Good for you! Good luck and if it’s any consolation, I have the same insecurities. I think many of us do. And yes, you should cut yourself some slack because you are awesome!
Thanks, Cara. I am sending you a big hug. You are awesome, too, lovely photographer chick!
I love you, Brenna, and I love WH. It was perfect at whatever length you gave it to us in (after day one of my adverb-hating ways I’m sure your book lost about 1500lbs :-P) but since we don’t live in a utopian world where word count doesn’t matter as long as the story is engaging, we’re left dwelling for countless hours over which branches need pruning. Even though after even we feel lighter once we’ve reached our goal word count, the original isn’t as daring as the actual original. We, as readers, will never know just what the authors before us had to let go of in order to meet their quota and be accepted by an agency, and no one who reads our work will ever know what may have been there before the final draft. In a way, it’s like our own little secret that we know something they don’t about the stories we have written. In the end, don’t be insecure. Your writing shows no insecurities, so why should you?

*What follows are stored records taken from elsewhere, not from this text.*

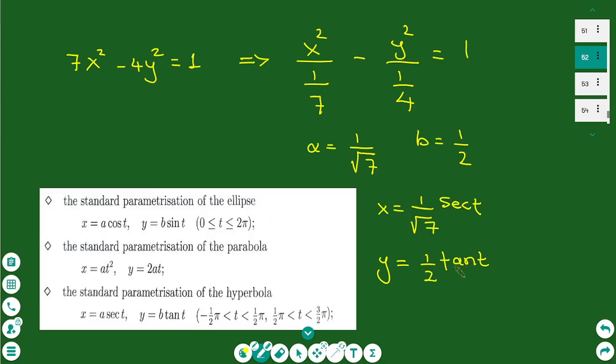The values of t for the hyperbola are -π/2 < t < π/2 and π/2 < t < 3π/2.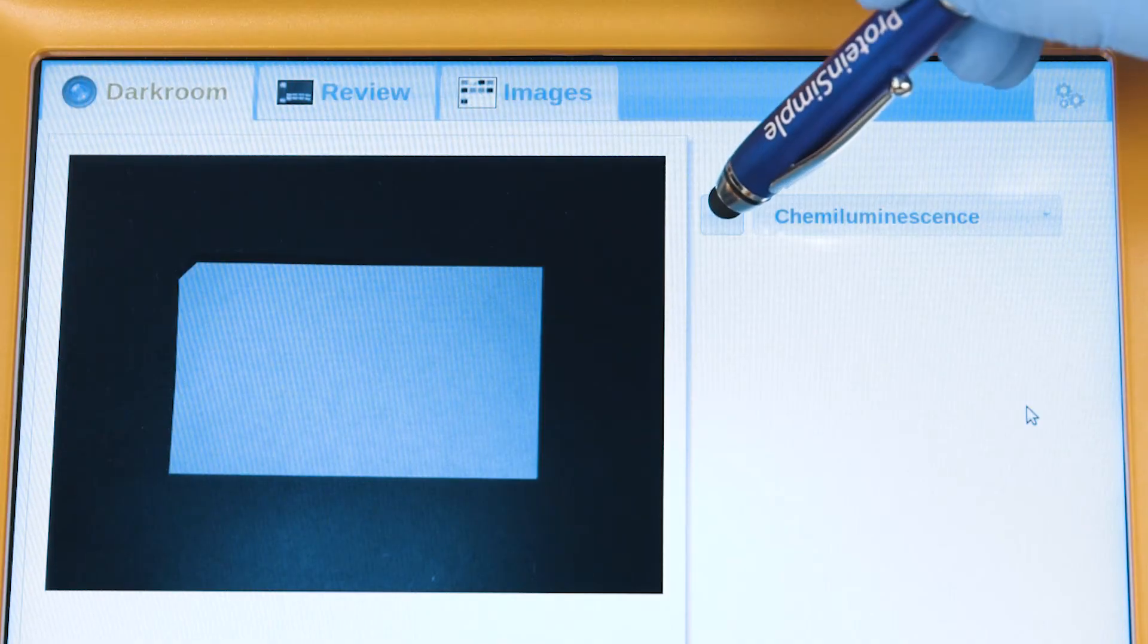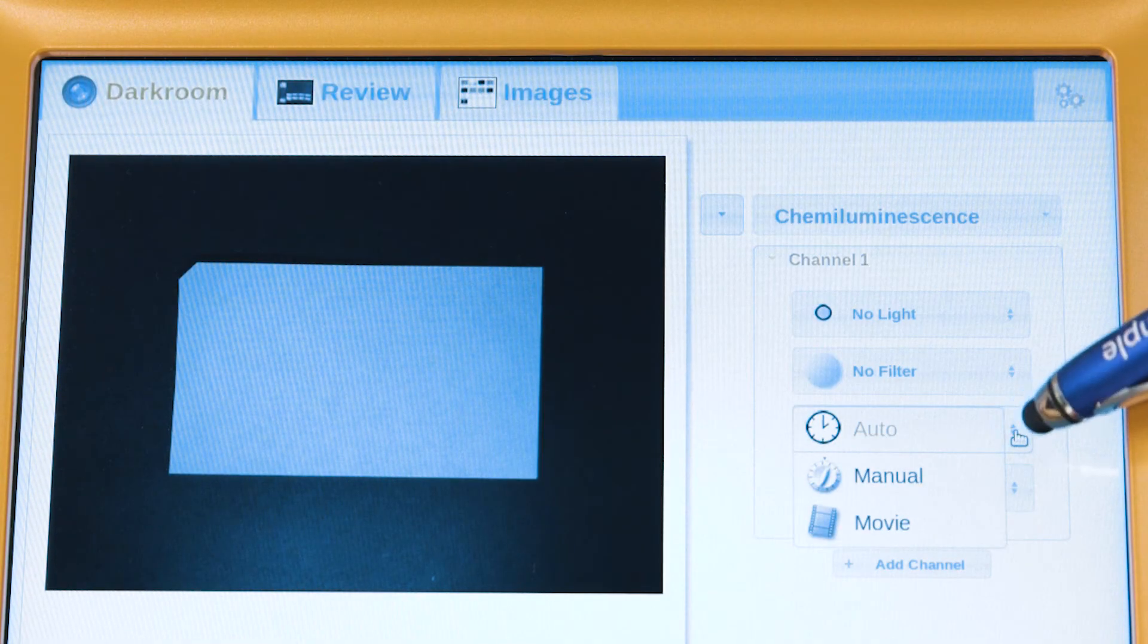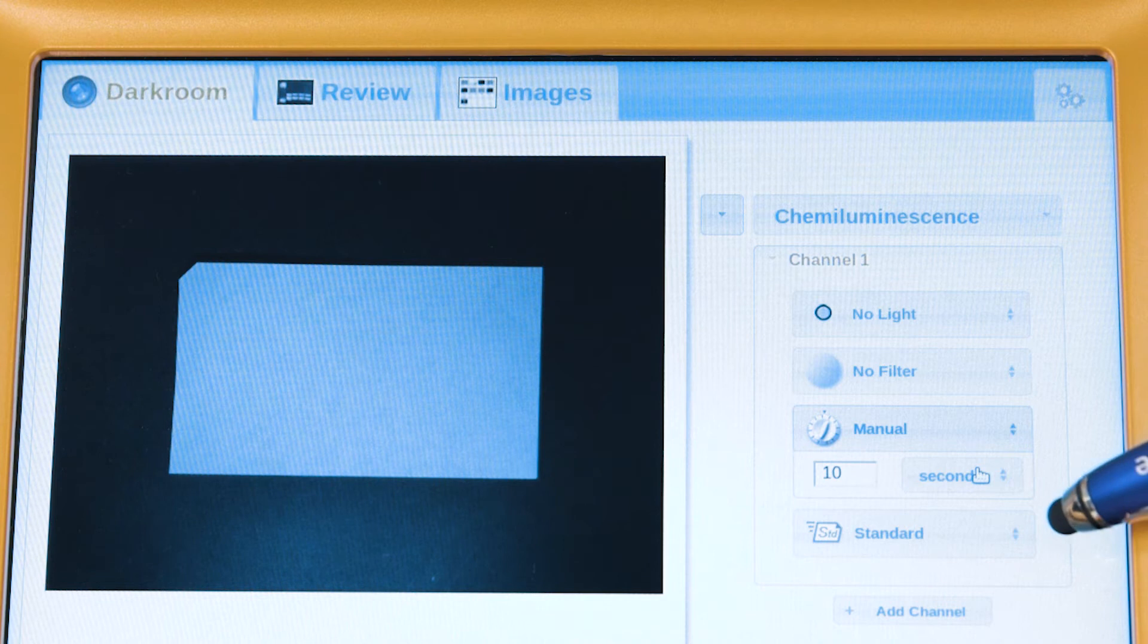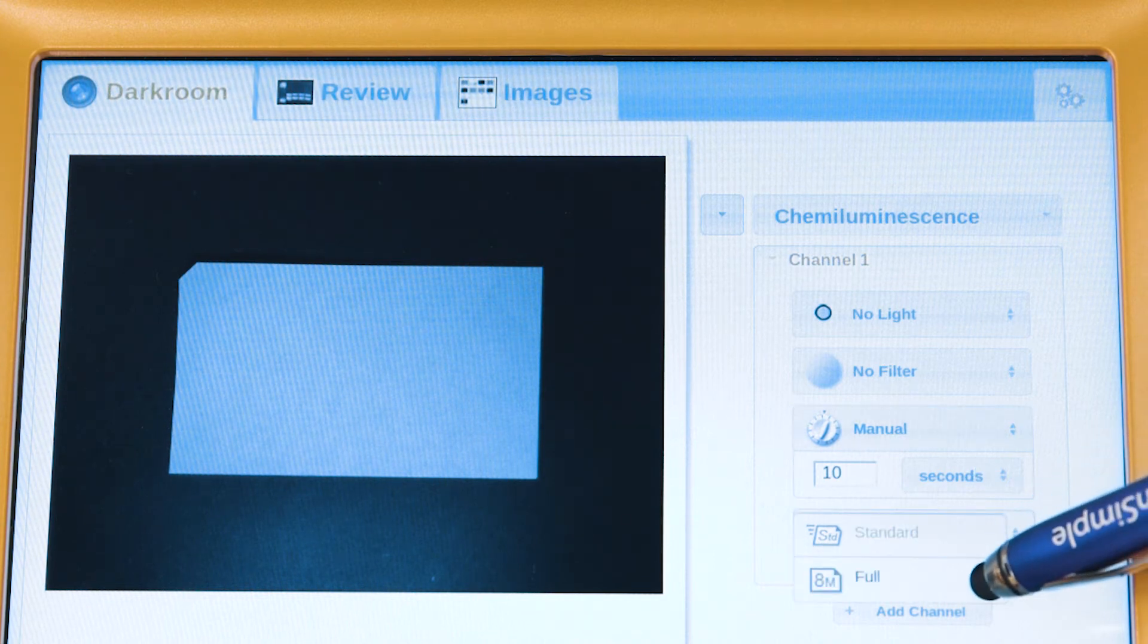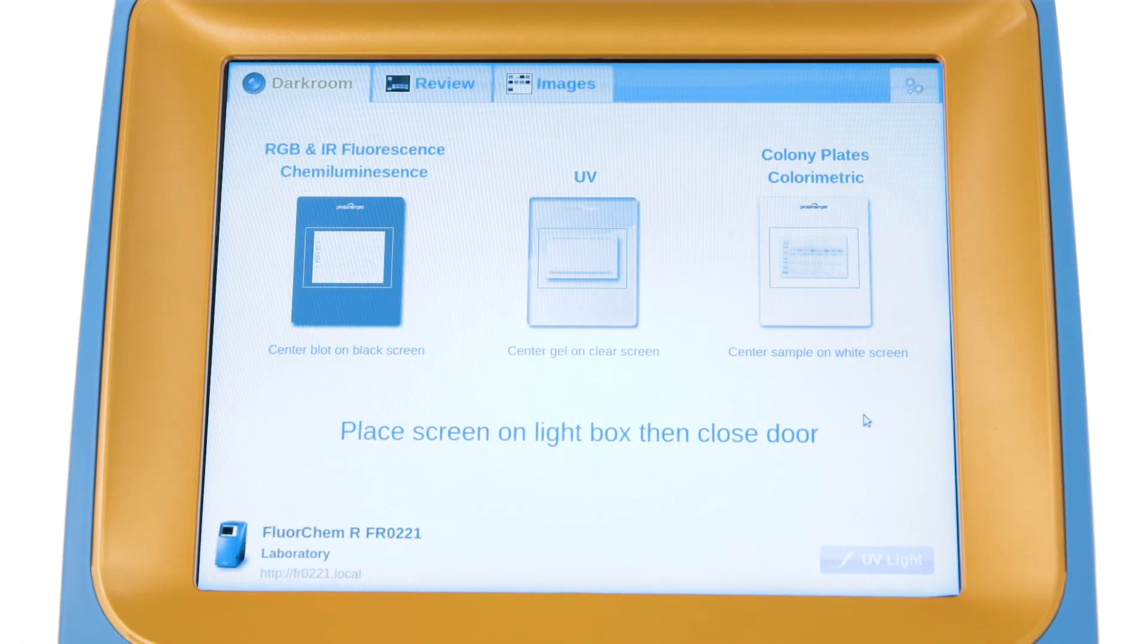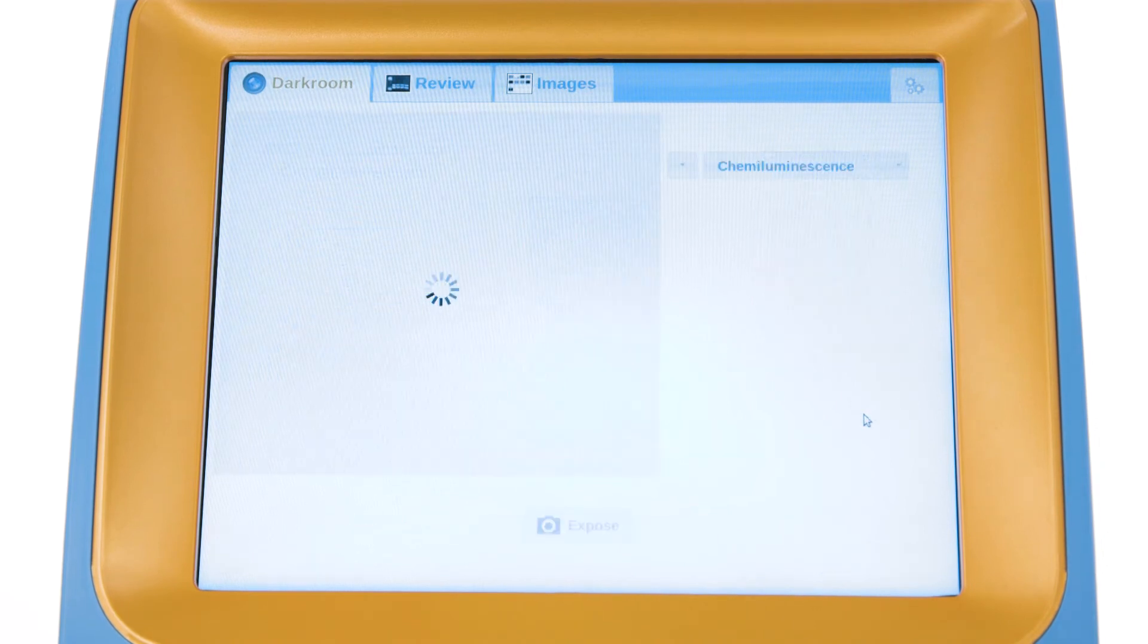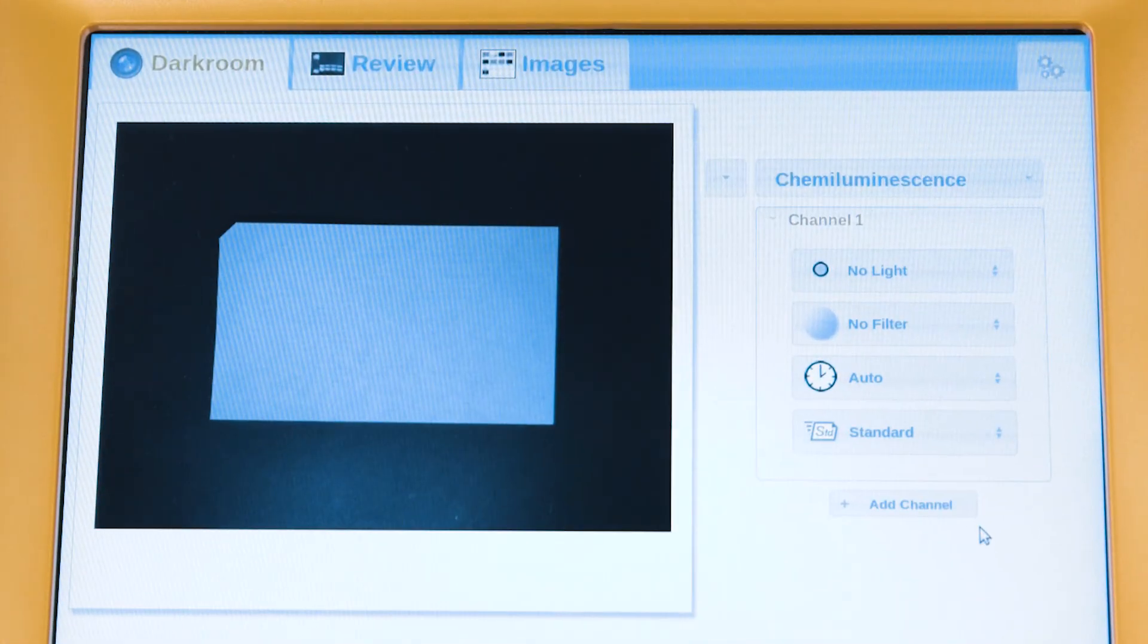Each protocol has settings that can be modified, such as exposure times, movie mode, and binning levels. Once the door is opened to unload the sample, any changes made to the protocol are reset, so that the next user doesn't have to worry about unexpected changes.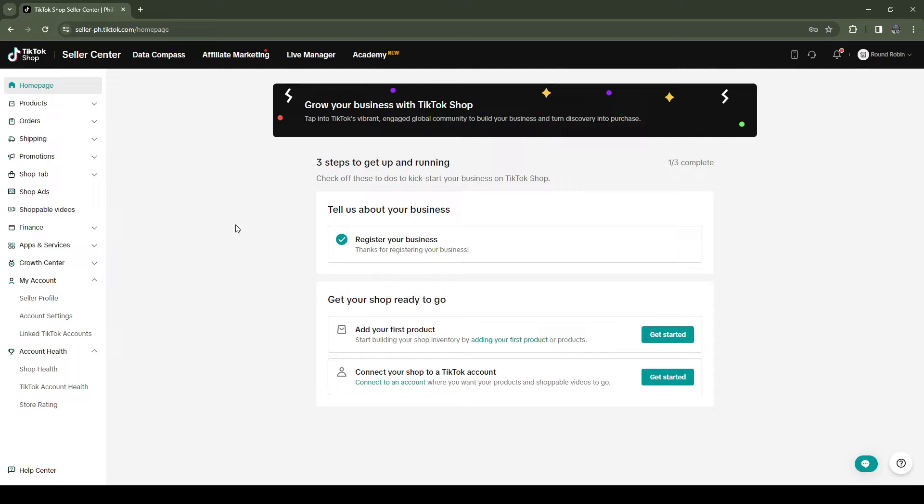So the first thing you want to do is you want to head over to the TikTok Shop website.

I love you, Sue, and I love the idea you’ve planted in my head of all the words cut by all the writers in all the world. Whoa…it makes me a little dizzy thinking about that! And I love thinking about it as a wonderful secret, too. Thanks so much for your help with my book. I am 100% sure that it would not be half as strong and clear and real without your careful reading, no-nonsense cutting, and fearless honesty.
Dear soul-sister, no matter if it’s this baby or one of its younger sibs to be published first, it just strutted into that publisher’s hands tonight with confidence, because you gave it exactly what it needed. You weave words together that give hope and invoke wonder. I love you, I love your words, and I love your stories. And I’m confident that you and your babies are well on your way to finding the real thing.
Thanks, Ambs. Giving hope and invoking wonder…that is absolutely the best thing writing can do, as far as I’m concerned. Your encouragement is priceless. And so is the image of my novel strutting its stuff through the interwebs. 😀 I love you and your words, too, and that you continue to write them no matter what.
❤ ❤ ❤
I haven’t read your novel, but I know your work and I’m sure it’s amazing.
And as a con goer, I’ve met some hard core Stephanie Myers fans, and trust me, these are not the fangirls you’re looking for.
Hope–thank you, so much, for supporting me in so many ways, over so many years. If I could get some fangirls like you, that would be amazing. Maybe they will knit little stuffed versions of my characters….And maybe someday, I will peddle my wares at Dragon Con, and we can happily geek out together.
Congrats on taking that step! I’m proud of you!
-Lori
Thanks, Lori! And you’re copyrighting your music–that’s fantastic! I’m so amazed by your music-writing brain. That’s a kind of creativity that I can’t begin to fathom, but I’m deeply thankful for it.